The Staircase (Staircase & Universe), 1998

2 vidéoprojecteurs, 2 haut-parleurs,
2 bandes vidéo, PAL, couleur, son stéréo,


The Staircase est une installation réalisée en 1998 par Peter Land et qui se compose de deux vidéo-projections sur écrans blancs présentées de part et d'autre d'un espace sombre, aux dimensions variables et de préférence peint dans un bleu profond.


La première projection s'intitule "L'Univers" et représente un champs d' étoiles dans lequel le spectateur a l'impression d'avancer. Ces images sont générées par ordinateur et rappellent certains génériques de films de science fiction. Le rythme de défilement est lent, ce qui donne un aspect contemplatif à la vidéo.


La seconde projection a pour titre "The Staircase", nom de l'installation, que l'on traduit par la cage d'escalier. Un personnage masculin, vêtu de façon conventionnelle (pantalon noir, chemise blanche et veste marron) enchaîne une série de chute dans un escalier. A l'instar d'un Sisyphe des temps modernes et au lieu de remonter éternellement son rocher en haut d'une montagne, un homme tombe sans fin dans un escalier, prisonnier d'un mouvement perpétuel.

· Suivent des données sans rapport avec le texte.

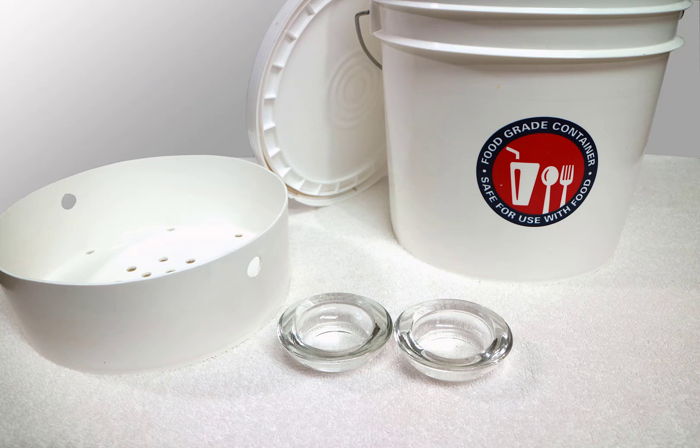Here it is. This is what we use for fermenting our cucumbers to make pickles. Three years ago Randy came up with a design that met the requirements for fermenting without the purchase of expensive crocks. I'll explain.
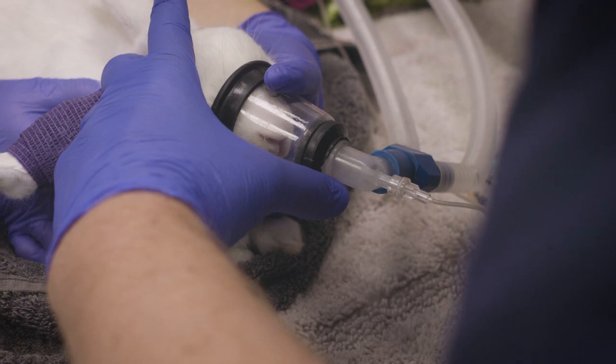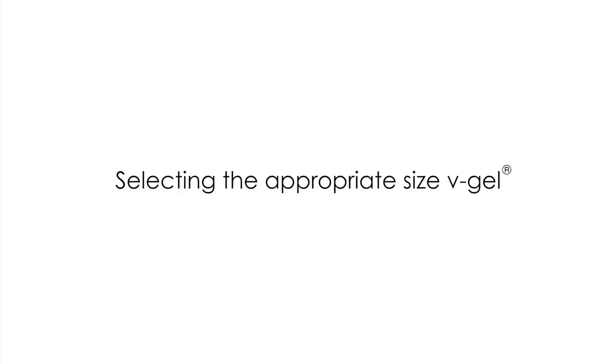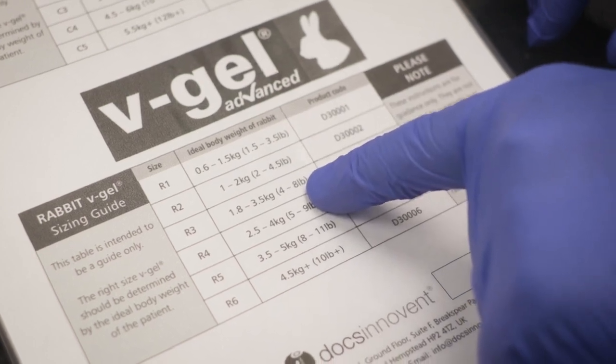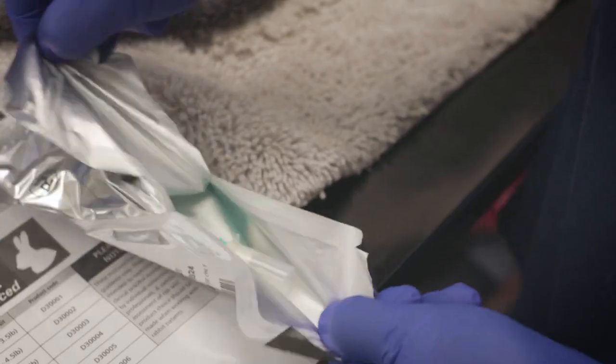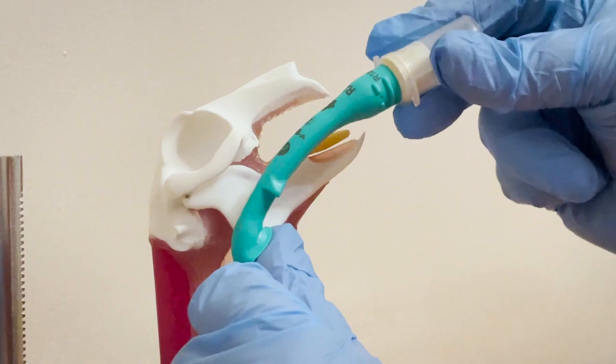Oxygenate the patient whilst you select the appropriate V-Gel. Using the size chart in the pack, select the correct size V-Gel according to the rabbit's ideal body weight. Confirm that the correct size has been chosen by measuring against the patient.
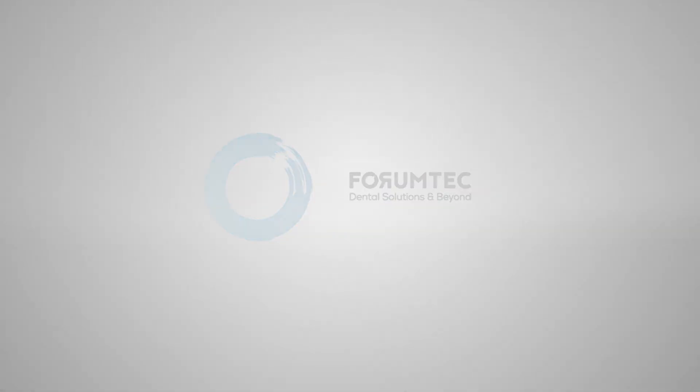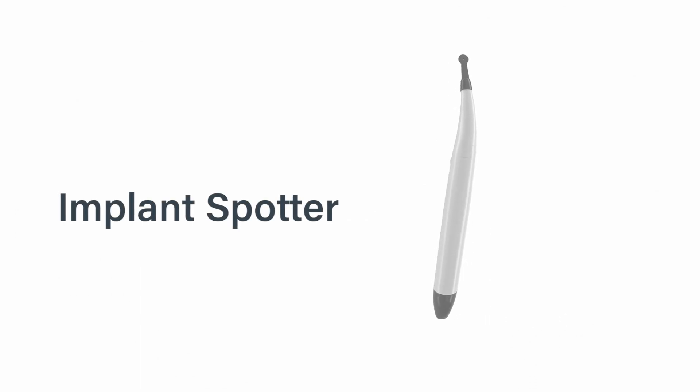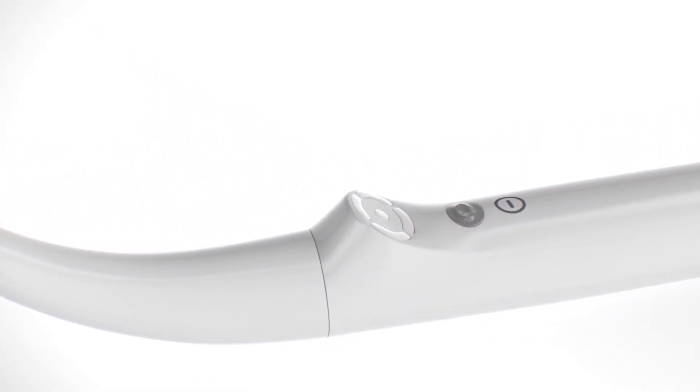Forum Technologies introduces a solution to implant localization. Insert the sensor into the holder until it stops. Turn the device on by pressing the on-off button.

Cette impression d'infini est induite principalement par le montage, qui alterne plans en plongée et en contre plongée, plans larges et serrés. En utilisant plusieurs chutes filmées à la suite, Peter Land parvient à faire éprouver par son montage, la sensation d'une cascade unique et sans fin.


De plus, l'utilisation du ralenti accentue l'idée d'une apesanteur, renvoyant le personnage principal dans un univers dont les lois de la physique ne seraient pas les nôtres.


La bande sonore de l'installation rappelle la musique des fêtes foraines et du son d'un orgue de barbarie. Ce choix musical introduit une dimension burlesque, voir grotesque à la chute du personnage masculin, en le transformant alors plutôt en attraction de foire.


La chute est le fil conducteur de "The Staircase", elle est présente au sens propre avec la perte d'équilibre constante du personnage et aussi au sens figuré, en tant que représentation métaphorique par la perte des fondements ou des repères personnels. La chute est un des grands ressorts les plus utilisés dans la comédie, notamment au cinéma dans les films de Charlie Chaplin ou Buster Keaton. Traditionnellement, la chute ou l'accident arrivent inexorablement pour provoquer le rire du spectateur.


Avec cette installation, Peter Land efface les prémices fictionnelles utilisés au cinéma pour ne garder que l'effet, c'est à dire la chute. Il la met en boucle et lui donne ainsi un sens plus tragique : que l'homme devient-il si sa vie n'est plus qu'une succession infinie de chutes ? Le corps se trouve pris dans l'engrenage d'une mécanique du burlesque qui le dépasse, à laquelle il ne sait plus échapper.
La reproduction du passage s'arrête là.